Here’s a video showing a scene rendered in Takua Render with uniform and then stratified sampling. The video also shows a side-by-side comparison in its last third.

In the renders in the above video, stratified sampling is being used to choose new ray directions from diffuse surface bounces; instead of choosing a random point over the entire cosine-weighted hemisphere at an intersection point, the renderer first chooses a strata with the same steradian as all other strata, and then chooses a random sample within that solid angle. The strata is chosen sequentially for primary bounces, and then chosen randomly for all secondary bounces to maintain unbiased sampling over the whole render.
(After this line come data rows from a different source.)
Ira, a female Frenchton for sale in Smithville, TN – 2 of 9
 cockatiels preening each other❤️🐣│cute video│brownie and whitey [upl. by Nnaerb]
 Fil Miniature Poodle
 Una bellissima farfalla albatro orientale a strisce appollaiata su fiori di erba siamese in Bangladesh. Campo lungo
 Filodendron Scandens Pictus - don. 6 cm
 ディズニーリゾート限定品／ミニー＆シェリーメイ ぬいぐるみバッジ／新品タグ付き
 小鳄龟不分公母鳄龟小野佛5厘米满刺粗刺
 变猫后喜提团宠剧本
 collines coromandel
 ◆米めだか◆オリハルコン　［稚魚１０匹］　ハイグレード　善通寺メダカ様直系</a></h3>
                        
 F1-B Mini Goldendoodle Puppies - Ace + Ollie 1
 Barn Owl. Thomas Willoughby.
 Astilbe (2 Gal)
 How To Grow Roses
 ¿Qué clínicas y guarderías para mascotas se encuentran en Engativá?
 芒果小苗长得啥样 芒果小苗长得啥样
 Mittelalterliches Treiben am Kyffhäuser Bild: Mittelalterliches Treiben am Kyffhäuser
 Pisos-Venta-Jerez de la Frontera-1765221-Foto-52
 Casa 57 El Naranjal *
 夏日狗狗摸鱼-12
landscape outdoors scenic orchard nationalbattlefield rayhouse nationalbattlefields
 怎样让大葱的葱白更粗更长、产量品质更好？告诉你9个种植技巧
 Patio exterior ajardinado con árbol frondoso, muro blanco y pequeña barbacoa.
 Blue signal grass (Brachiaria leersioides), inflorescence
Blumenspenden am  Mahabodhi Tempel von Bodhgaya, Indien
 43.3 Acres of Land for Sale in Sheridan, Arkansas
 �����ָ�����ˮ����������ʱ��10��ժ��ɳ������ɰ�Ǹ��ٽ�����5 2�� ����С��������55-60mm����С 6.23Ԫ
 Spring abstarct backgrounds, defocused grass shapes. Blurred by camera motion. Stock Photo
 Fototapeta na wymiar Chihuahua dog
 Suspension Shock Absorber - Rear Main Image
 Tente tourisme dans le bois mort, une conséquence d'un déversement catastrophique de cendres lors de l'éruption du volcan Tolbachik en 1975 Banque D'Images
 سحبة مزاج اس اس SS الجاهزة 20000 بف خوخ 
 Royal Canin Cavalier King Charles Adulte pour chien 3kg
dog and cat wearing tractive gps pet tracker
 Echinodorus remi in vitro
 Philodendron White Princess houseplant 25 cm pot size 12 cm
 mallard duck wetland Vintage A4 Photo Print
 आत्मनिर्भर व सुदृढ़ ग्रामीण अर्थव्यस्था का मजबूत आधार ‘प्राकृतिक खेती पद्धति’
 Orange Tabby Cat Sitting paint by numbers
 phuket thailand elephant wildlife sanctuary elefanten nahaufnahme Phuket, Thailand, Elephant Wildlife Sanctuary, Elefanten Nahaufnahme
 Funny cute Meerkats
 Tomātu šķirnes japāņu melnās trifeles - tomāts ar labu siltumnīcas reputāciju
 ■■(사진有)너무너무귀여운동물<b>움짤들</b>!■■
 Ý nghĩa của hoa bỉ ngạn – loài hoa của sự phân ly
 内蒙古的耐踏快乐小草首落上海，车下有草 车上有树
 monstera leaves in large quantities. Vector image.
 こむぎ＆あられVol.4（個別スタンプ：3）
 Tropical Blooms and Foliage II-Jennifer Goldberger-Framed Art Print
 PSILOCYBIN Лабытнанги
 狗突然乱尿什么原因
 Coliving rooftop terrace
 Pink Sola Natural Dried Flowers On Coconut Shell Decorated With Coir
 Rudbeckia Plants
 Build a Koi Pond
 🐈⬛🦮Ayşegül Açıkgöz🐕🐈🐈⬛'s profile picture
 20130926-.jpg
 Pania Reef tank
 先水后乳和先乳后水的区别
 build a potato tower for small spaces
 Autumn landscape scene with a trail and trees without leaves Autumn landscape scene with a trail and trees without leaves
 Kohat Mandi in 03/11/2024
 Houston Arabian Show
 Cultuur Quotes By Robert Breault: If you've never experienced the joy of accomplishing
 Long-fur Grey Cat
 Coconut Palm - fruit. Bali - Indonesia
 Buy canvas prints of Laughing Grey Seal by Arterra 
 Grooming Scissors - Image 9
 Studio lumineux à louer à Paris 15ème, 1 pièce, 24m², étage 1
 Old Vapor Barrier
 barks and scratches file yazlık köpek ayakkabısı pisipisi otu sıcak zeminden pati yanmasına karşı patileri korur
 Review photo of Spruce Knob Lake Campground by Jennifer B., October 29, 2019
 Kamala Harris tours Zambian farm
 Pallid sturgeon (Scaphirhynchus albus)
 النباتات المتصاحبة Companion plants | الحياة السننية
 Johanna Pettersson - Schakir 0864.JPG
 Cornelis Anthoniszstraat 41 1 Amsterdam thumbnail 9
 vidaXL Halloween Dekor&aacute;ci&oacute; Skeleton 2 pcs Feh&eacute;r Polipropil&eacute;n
As a result of the sequential strata selection for primary bounces, images rendered in Takua Render will not converged to an unbiased solution until N iterations have elapsed, where N is the number of strata the probability region is divided into. The number of strata can be set by the user as a value in the scene description which is then squared to get the total strata number. So, if a user specifies a strata level of 16, then the probability region will be divided into 256 strata and a unbiased result will not be reached until 256 or more samples per pixel have been taken.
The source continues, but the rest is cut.